En politique, c’est bien connu, l’irréel fait depuis longtemps partie du réel. Entendons par là que lors d’une année électorale – et celle que nous traversons n’est pas tout à fait terminée – les mythes font cortège à l’action. Le rêve de la cité idéale nous reprend. L’affectif, la séduction, le rêve et l’imagination, mais aussi la détestation et le désamour, occupent les esprits. Jusqu’à ce que toutes ces pensées en liberté ne se traduisent par les images bien concrètes d’un président à l’Elysée, d’un gouvernement installé et d’une assemblée nouvelle qui travaille en été. Fin d’un printemps prolongé. Arrivée d’un automne laborieux…

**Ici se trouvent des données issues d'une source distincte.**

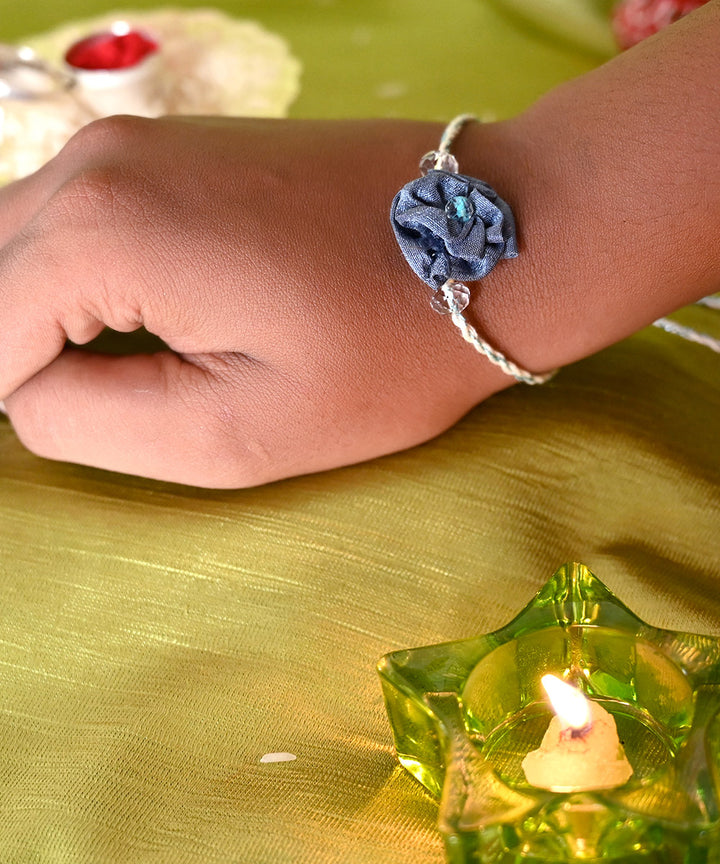 Grey handcrafted silk rakhi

Est-ce à dire que la fête est finie et qu’il est l’heure de balayer les confettis ? Pas tout à fait. Car il ne faut pas confondre retour à la réalité et retour au passé. On dit beaucoup de choses en campagne et puis on se cogne la tête, une fois au pouvoir, aux insuffisances d’un Etat à bout de souffle. N’était-ce pas couru d’avance ? Certes mais Emmanuel Macron et les siens sont comme tous leurs prédécesseurs. Sans trop oser l’espérer, ils ont cru que « l’effet dynamique » du changement créerait une sorte de « new deal à la Roosevelt » pour user d’un cliché devenu mythologique au sein du village démocratique. Bien que les indicateurs économiques ne soient pas mal orientés, rien cependant ne laisse prévoir le regain de croissance qui permettrait de réduire les dettes et, surtout, d’alléger les déficits qui les creusent inexorablement.

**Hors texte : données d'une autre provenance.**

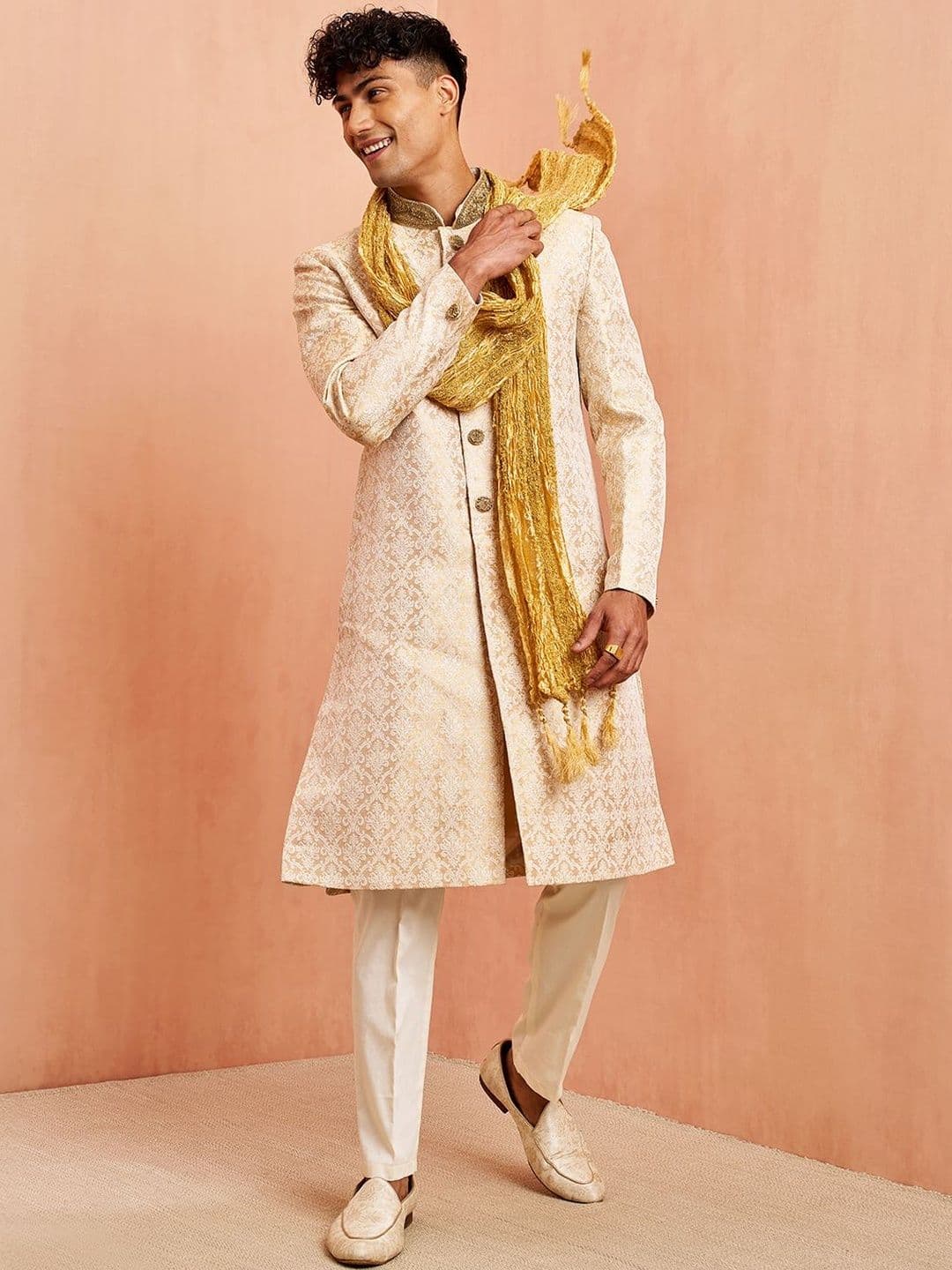 VASTRAMAY Embroidered Mandarin Collar Sherwani Set With Dupatta - view 1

La science politique étant un vieux mélange de droit, d’économie, de sociologie et d’anthropologie, le seul rétablissement des finances – même si tout y ramène – ne suffirait pas à transformer le début de l’ère Macron en une esquisse d’âge d’or. On va beaucoup parler de Code du travail. Mais il y a aussi cet interminable état d’urgence, la question des migrants et ces difficultés sociétales qu’il est inexcusable de voir aussi mal traitées depuis des années, comme l’accueil acrobatique des bacheliers dans l’enseignement supérieur et tout ce qui mine le présent : pollution, insécurité, arnaques numériques, scandales alimentaires et sanitaires, etc…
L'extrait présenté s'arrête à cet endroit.